:: Work order ::
Output, exactly as written, the lines below starting at the line containing "So by default, Cabbage" and ending at the line containing "The sample line also". Drop the pictures and keep both end lines.

:: Records for processing ::

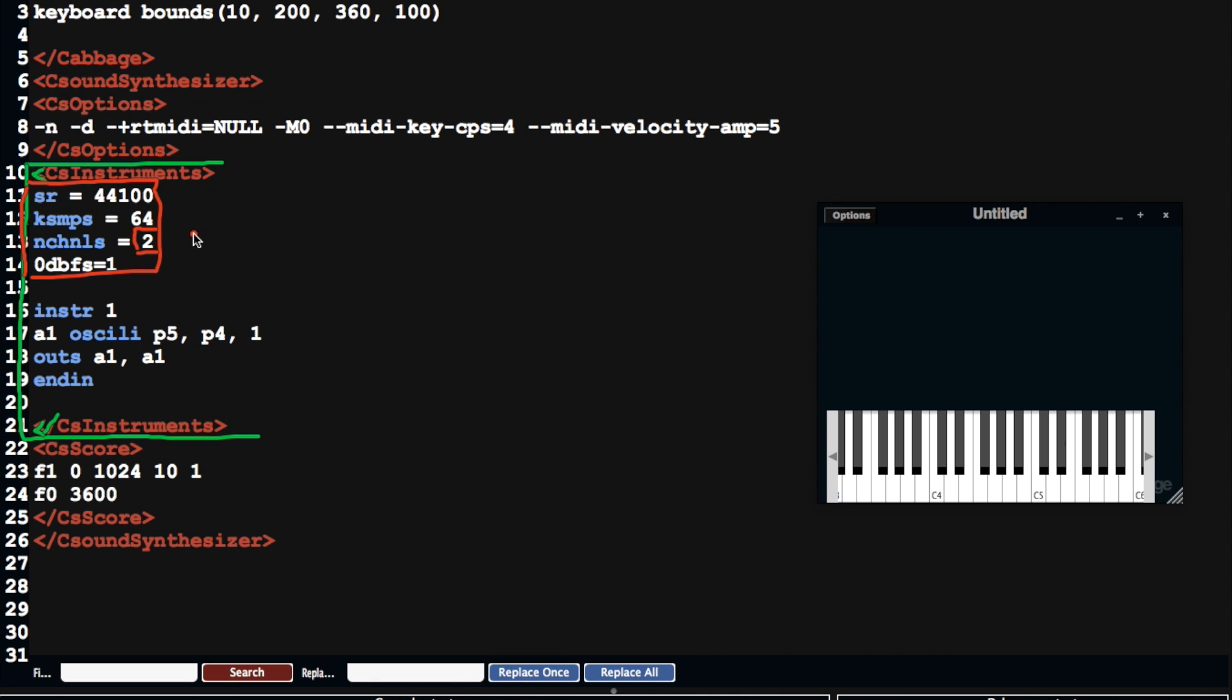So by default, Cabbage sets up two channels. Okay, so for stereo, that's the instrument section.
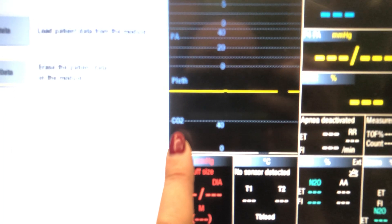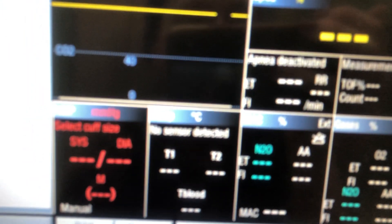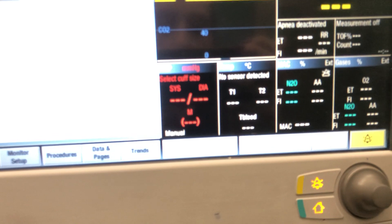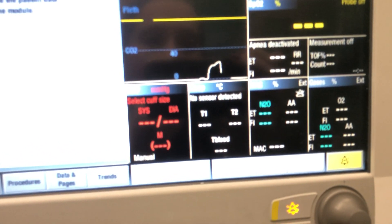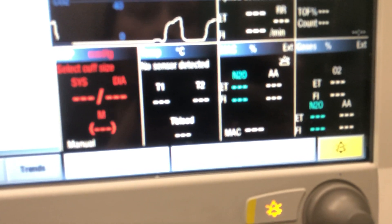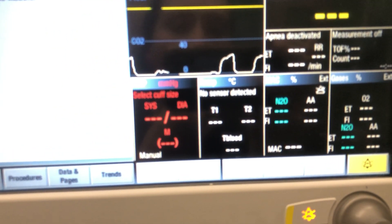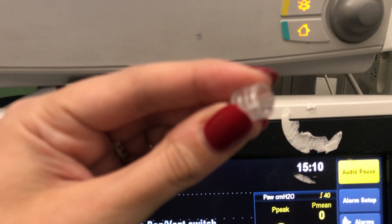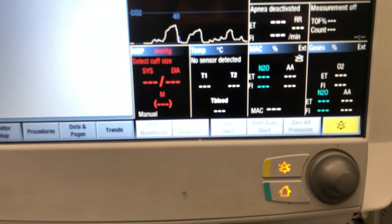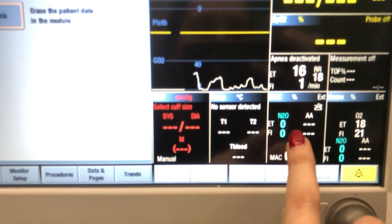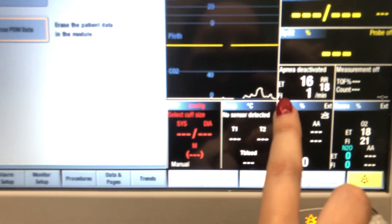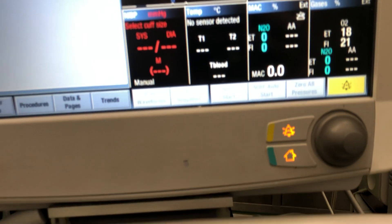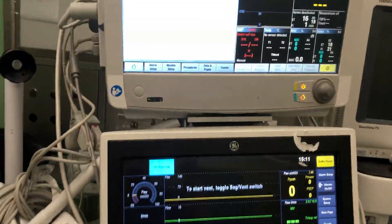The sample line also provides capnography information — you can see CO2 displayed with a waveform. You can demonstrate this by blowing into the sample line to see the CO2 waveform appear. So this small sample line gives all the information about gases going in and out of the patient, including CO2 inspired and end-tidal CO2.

--

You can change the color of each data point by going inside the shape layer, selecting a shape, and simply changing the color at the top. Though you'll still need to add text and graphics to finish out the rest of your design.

:: Problem solution ::
So by default, Cabbage sets up two channels. Okay, so for stereo, that's the instrument section.
The sample line also provides capnography information — you can see CO2 displayed with a waveform. You can demonstrate this by blowing into the sample line to see the CO2 waveform appear. So this small sample line gives all the information about gases going in and out of the patient, including CO2 inspired and end-tidal CO2.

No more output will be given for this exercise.